▶ Work task
Each line in the material below, starting at the one that contains "this 640×466 image." and ending at the one that contains "this 361×240 image.", should be repeated exactly; the pictures should not.

▶ Materials provided
::::

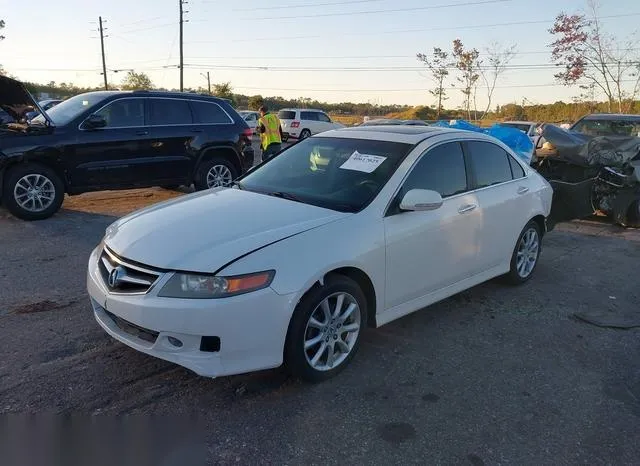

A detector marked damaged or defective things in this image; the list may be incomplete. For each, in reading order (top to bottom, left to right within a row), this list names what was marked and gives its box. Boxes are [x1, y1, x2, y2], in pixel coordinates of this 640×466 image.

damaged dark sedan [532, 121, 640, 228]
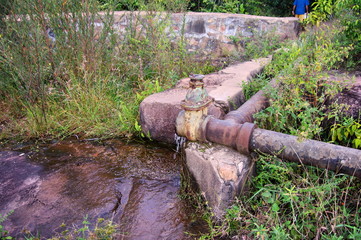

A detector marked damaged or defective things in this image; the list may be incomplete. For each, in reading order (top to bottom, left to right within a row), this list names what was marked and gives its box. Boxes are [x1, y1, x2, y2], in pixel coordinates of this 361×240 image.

::::

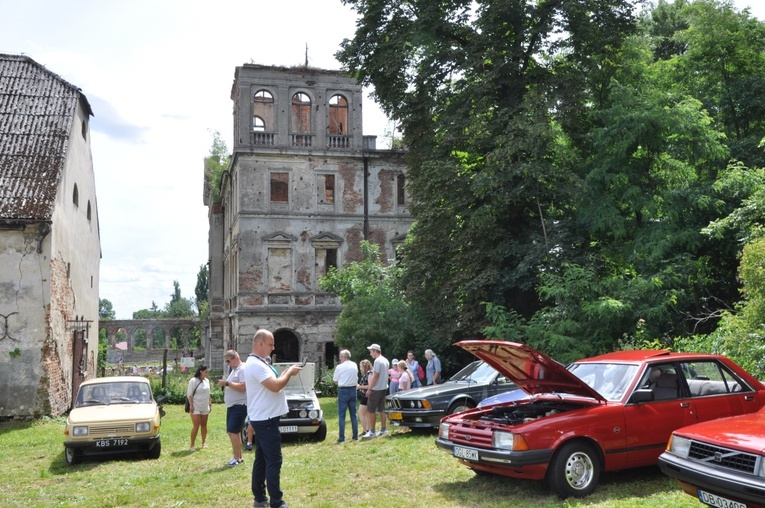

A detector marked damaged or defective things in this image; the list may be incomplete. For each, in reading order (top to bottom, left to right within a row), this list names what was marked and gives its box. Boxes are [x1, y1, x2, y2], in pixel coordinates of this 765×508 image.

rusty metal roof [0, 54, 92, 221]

::::

▶ Worked solution
A detector marked damaged or defective things in this image; the list may be incomplete. For each, in reading order (top to bottom, left to right within a row), this list names what was marked and gives its box. Boxes are [x1, y1, x2, y2], in pixel coordinates of this 640×466 image.

damaged dark sedan [532, 121, 640, 228]

A detector marked damaged or defective things in this image; the list may be incomplete. For each, in reading order (top to bottom, left to right within a row), this list names what was marked and gives its box. Boxes are [x1, y1, x2, y2], in pixel coordinates of this 361×240 image.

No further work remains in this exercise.